Each line of the listing below, from the very first to the one that contains "Hyundai Tucson 2026 photo 3", is to be retyped exactly as it stands.

» **Records supplied**
——————————
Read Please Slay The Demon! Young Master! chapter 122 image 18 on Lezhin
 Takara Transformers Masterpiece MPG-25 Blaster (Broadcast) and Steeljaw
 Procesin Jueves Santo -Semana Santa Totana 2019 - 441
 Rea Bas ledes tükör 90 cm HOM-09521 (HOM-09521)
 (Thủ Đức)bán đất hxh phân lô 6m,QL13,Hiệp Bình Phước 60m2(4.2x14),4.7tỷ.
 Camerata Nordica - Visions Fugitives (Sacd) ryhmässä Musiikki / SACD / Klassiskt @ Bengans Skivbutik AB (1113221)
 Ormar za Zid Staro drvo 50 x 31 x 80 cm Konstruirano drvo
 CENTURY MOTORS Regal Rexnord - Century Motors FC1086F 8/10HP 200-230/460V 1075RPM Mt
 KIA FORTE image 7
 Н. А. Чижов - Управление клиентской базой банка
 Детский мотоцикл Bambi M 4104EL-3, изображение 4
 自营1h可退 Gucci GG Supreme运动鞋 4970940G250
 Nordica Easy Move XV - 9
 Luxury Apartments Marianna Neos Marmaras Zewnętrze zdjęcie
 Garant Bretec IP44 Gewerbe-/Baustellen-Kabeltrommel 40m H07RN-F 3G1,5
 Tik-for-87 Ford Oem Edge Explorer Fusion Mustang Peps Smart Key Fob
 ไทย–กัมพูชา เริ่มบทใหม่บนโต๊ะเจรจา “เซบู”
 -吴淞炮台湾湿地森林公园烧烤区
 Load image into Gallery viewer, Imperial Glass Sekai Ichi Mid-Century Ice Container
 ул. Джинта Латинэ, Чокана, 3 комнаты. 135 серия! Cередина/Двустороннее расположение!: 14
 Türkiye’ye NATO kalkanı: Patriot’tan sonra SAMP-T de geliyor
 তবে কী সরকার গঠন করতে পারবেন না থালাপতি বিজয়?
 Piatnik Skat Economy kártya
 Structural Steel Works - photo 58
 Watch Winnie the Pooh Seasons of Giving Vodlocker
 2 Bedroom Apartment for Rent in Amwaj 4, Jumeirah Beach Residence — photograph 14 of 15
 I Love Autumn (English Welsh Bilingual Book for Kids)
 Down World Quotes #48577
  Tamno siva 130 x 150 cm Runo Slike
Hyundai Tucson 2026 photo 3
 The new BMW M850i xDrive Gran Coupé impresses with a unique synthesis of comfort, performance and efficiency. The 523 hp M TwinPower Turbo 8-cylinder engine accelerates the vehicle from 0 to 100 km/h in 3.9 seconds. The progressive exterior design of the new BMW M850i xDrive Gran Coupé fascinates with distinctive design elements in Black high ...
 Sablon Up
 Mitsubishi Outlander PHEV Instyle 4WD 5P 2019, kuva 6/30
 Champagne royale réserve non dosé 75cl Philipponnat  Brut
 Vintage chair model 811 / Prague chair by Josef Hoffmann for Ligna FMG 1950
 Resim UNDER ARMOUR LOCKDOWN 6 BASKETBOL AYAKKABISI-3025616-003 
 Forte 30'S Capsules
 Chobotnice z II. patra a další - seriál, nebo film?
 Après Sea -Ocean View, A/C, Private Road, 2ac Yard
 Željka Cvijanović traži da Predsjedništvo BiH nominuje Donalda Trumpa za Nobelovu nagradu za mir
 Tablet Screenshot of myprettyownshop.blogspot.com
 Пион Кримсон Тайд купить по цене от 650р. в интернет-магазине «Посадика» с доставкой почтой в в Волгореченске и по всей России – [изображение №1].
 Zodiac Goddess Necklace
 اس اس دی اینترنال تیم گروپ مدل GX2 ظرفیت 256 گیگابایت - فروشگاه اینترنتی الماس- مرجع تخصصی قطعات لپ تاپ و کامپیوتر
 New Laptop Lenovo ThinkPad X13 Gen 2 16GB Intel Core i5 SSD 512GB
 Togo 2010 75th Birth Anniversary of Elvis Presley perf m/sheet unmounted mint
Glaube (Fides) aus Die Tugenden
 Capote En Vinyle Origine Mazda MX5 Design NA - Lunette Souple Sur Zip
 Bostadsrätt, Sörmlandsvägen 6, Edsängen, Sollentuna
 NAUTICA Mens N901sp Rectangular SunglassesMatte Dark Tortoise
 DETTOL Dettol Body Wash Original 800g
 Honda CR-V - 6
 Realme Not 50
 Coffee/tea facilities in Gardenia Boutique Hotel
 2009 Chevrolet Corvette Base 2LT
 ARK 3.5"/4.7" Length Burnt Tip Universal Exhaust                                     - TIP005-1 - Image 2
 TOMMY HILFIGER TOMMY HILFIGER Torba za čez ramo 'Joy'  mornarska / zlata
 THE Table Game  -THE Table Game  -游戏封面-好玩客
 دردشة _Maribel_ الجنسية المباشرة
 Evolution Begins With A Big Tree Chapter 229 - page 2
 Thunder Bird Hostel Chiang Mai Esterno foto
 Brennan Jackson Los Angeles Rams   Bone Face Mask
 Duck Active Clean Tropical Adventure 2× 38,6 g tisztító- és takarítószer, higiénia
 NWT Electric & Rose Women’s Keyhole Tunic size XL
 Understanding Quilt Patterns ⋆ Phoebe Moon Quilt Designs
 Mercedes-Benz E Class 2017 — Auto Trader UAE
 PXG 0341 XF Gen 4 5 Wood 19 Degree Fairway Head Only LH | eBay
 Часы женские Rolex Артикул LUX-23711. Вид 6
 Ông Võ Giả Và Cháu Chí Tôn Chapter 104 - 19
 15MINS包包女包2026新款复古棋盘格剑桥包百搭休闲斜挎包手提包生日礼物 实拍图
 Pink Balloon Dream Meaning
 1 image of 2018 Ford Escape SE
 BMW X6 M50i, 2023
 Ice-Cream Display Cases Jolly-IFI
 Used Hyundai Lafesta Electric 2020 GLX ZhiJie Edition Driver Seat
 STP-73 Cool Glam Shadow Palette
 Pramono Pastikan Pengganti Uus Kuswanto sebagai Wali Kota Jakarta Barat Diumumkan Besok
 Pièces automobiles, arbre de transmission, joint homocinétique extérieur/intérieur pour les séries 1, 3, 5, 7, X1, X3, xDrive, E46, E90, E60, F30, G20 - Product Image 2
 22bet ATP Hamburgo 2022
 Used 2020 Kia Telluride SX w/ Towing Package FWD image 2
——————————
» **Task answer**
Read Please Slay The Demon! Young Master! chapter 122 image 18 on Lezhin
 Takara Transformers Masterpiece MPG-25 Blaster (Broadcast) and Steeljaw
 Procesin Jueves Santo -Semana Santa Totana 2019 - 441
 Rea Bas ledes tükör 90 cm HOM-09521 (HOM-09521)
 (Thủ Đức)bán đất hxh phân lô 6m,QL13,Hiệp Bình Phước 60m2(4.2x14),4.7tỷ.
 Camerata Nordica - Visions Fugitives (Sacd) ryhmässä Musiikki / SACD / Klassiskt @ Bengans Skivbutik AB (1113221)
 Ormar za Zid Staro drvo 50 x 31 x 80 cm Konstruirano drvo
 CENTURY MOTORS Regal Rexnord - Century Motors FC1086F 8/10HP 200-230/460V 1075RPM Mt
 KIA FORTE image 7
 Н. А. Чижов - Управление клиентской базой банка
 Детский мотоцикл Bambi M 4104EL-3, изображение 4
 自营1h可退 Gucci GG Supreme运动鞋 4970940G250
 Nordica Easy Move XV - 9
 Luxury Apartments Marianna Neos Marmaras Zewnętrze zdjęcie
 Garant Bretec IP44 Gewerbe-/Baustellen-Kabeltrommel 40m H07RN-F 3G1,5
 Tik-for-87 Ford Oem Edge Explorer Fusion Mustang Peps Smart Key Fob
 ไทย–กัมพูชา เริ่มบทใหม่บนโต๊ะเจรจา “เซบู”
 -吴淞炮台湾湿地森林公园烧烤区
 Load image into Gallery viewer, Imperial Glass Sekai Ichi Mid-Century Ice Container
 ул. Джинта Латинэ, Чокана, 3 комнаты. 135 серия! Cередина/Двустороннее расположение!: 14
 Türkiye’ye NATO kalkanı: Patriot’tan sonra SAMP-T de geliyor
 তবে কী সরকার গঠন করতে পারবেন না থালাপতি বিজয়?
 Piatnik Skat Economy kártya
 Structural Steel Works - photo 58
 Watch Winnie the Pooh Seasons of Giving Vodlocker
 2 Bedroom Apartment for Rent in Amwaj 4, Jumeirah Beach Residence — photograph 14 of 15
 I Love Autumn (English Welsh Bilingual Book for Kids)
 Down World Quotes #48577
  Tamno siva 130 x 150 cm Runo Slike
Hyundai Tucson 2026 photo 3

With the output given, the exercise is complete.